(Source data)
____
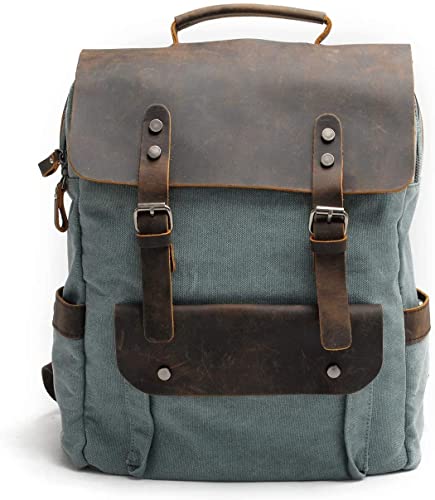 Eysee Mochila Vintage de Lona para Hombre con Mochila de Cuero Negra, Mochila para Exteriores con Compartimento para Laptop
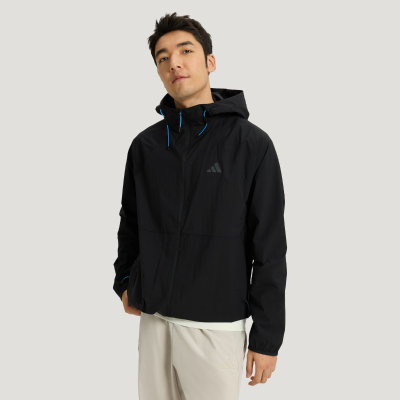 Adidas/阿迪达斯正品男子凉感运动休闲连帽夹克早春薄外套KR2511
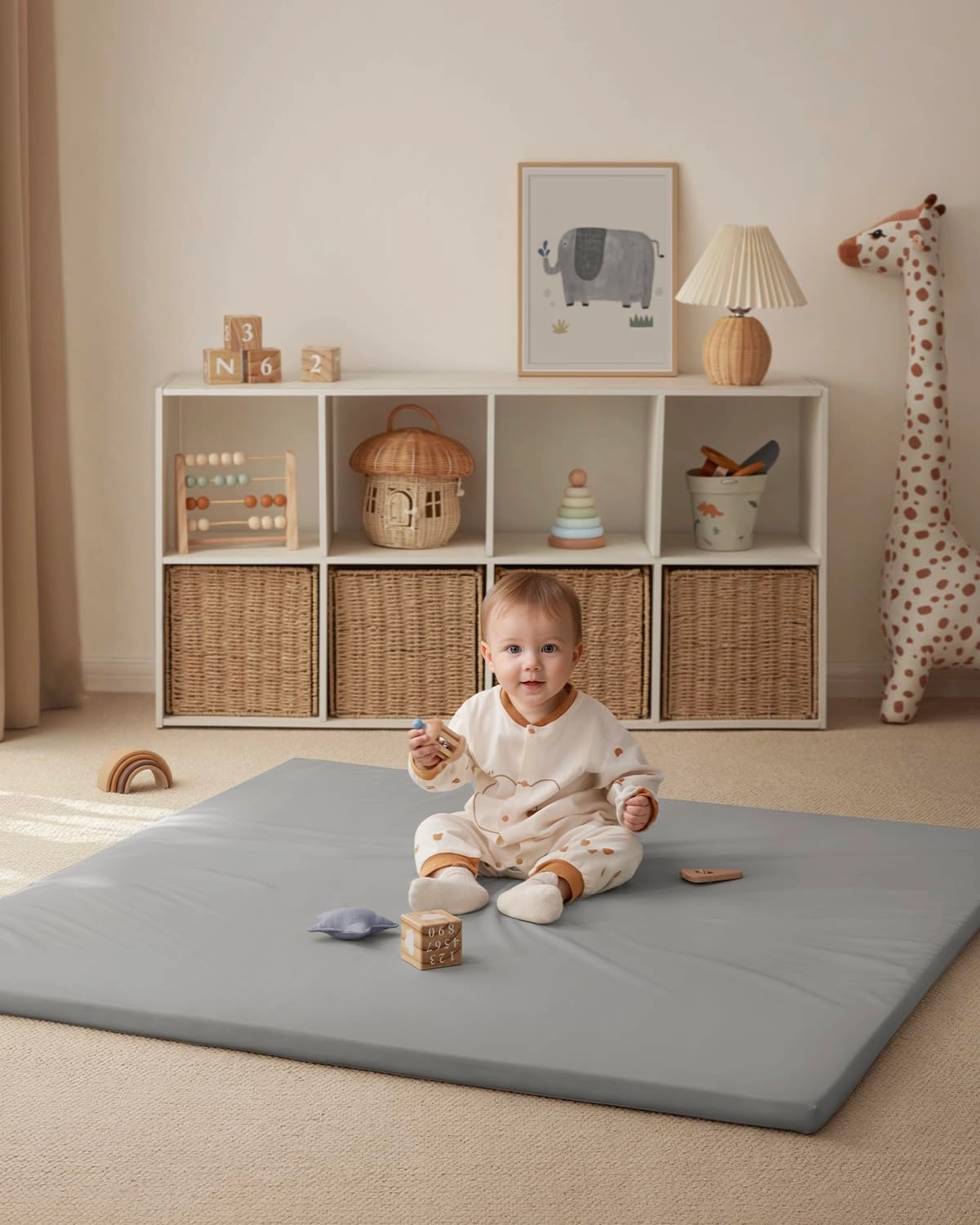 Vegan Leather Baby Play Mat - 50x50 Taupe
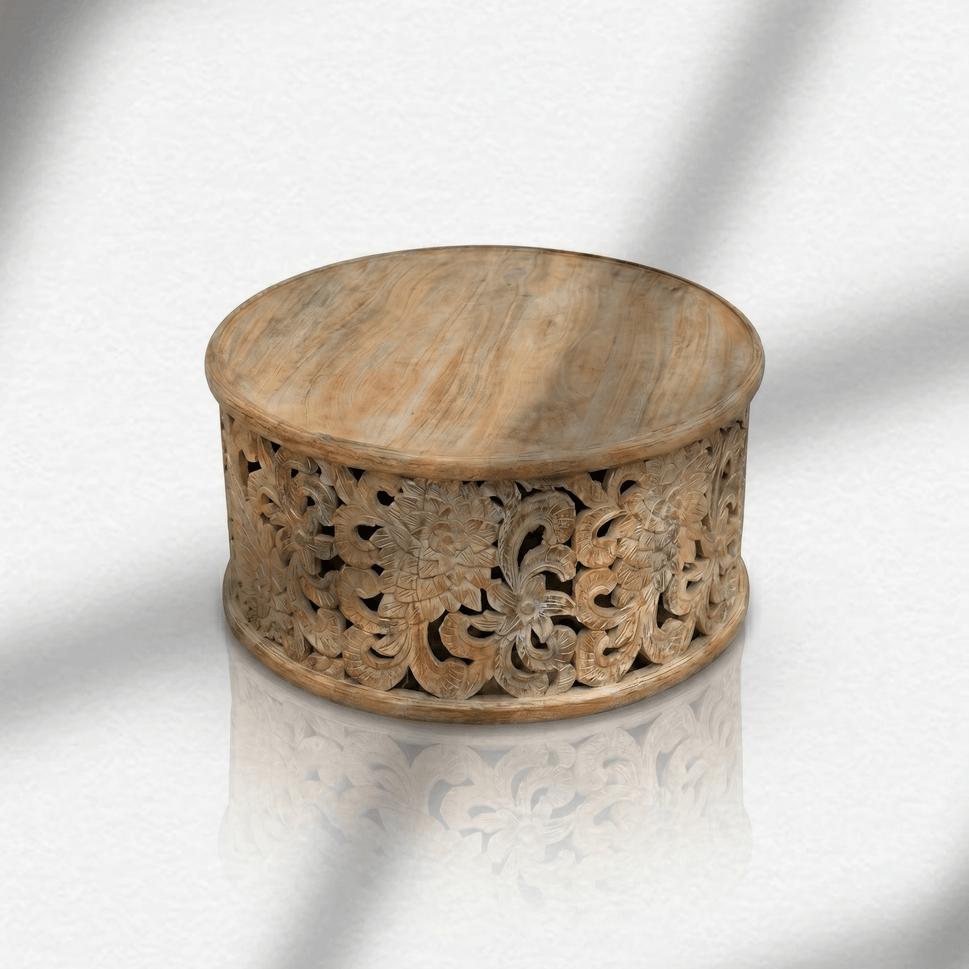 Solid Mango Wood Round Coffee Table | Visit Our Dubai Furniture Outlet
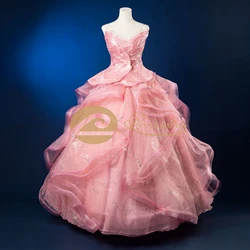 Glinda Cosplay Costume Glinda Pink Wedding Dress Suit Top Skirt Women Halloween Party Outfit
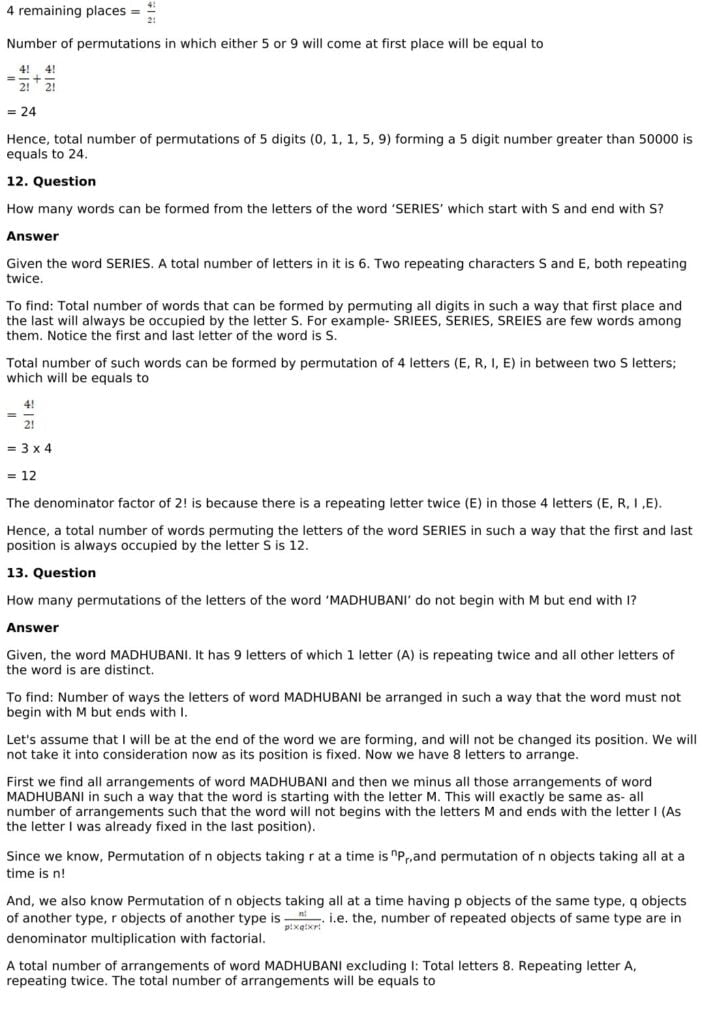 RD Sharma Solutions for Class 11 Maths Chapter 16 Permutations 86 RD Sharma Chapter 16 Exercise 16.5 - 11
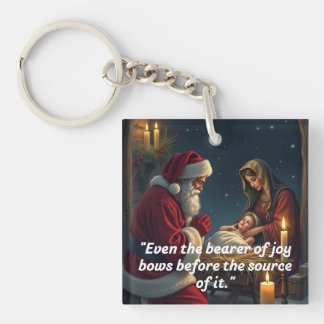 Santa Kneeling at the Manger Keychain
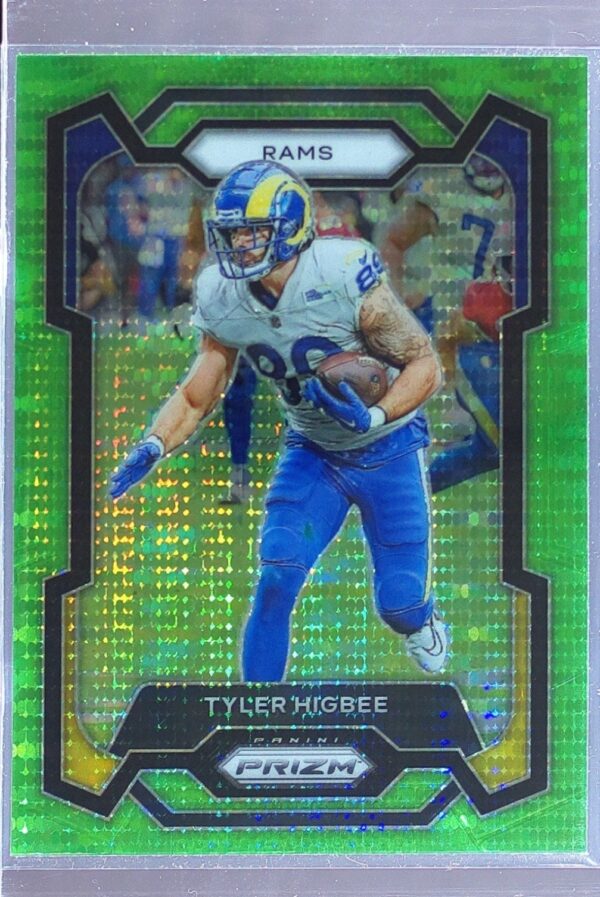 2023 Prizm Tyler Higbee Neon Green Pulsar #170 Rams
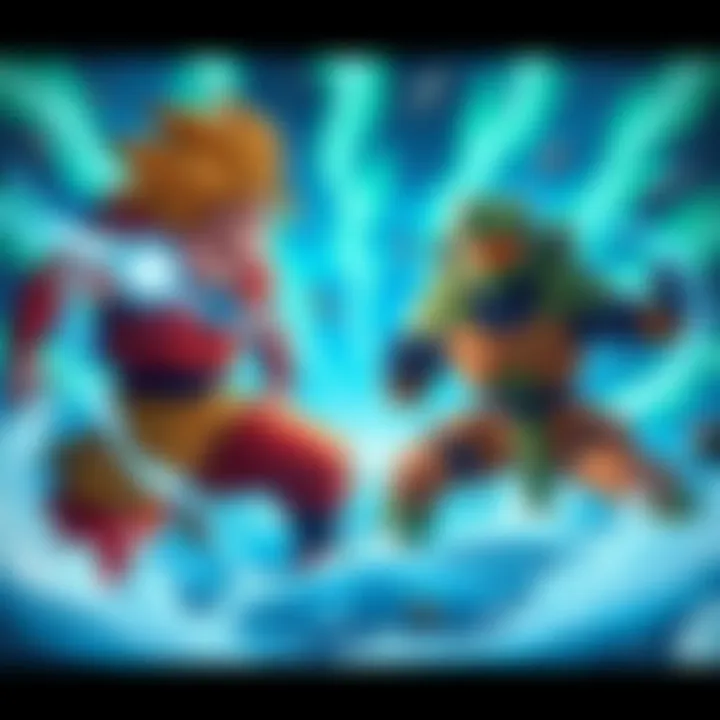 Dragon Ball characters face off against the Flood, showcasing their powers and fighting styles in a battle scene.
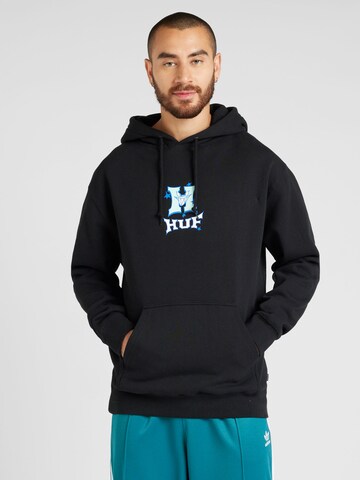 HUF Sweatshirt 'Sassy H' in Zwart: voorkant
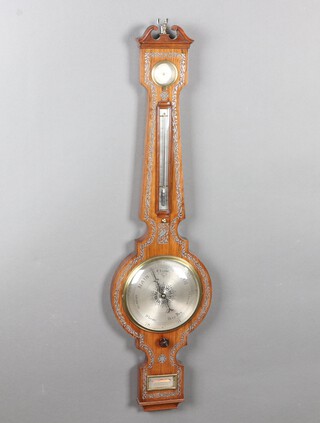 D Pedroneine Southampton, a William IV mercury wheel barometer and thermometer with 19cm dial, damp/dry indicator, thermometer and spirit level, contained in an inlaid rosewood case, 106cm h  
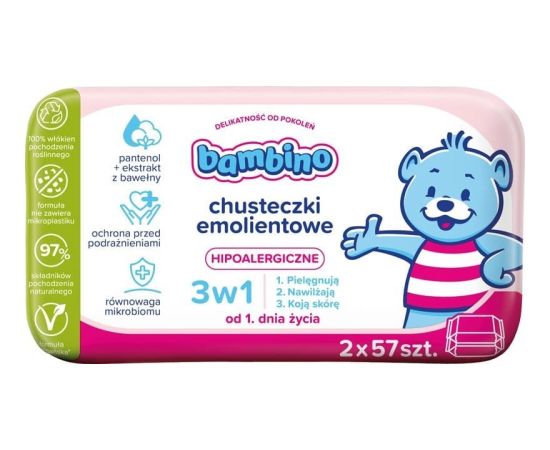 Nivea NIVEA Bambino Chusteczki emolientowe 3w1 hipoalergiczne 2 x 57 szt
____
## Your goal
Could you repeat exactly the lines from the one containing "RD Sharma Solutions" to the last line of the records, both included, and leave out every picture?

## Output for this task
 RD Sharma Solutions for Class 11 Maths Chapter 16 Permutations 86 RD Sharma Chapter 16 Exercise 16.5 - 11
 Santa Kneeling at the Manger Keychain
 2023 Prizm Tyler Higbee Neon Green Pulsar #170 Rams
 Dragon Ball characters face off against the Flood, showcasing their powers and fighting styles in a battle scene.
 HUF Sweatshirt 'Sassy H' in Zwart: voorkant
 D Pedroneine Southampton, a William IV mercury wheel barometer and thermometer with 19cm dial, damp/dry indicator, thermometer and spirit level, contained in an inlaid rosewood case, 106cm h  
 Nivea NIVEA Bambino Chusteczki emolientowe 3w1 hipoalergiczne 2 x 57 szt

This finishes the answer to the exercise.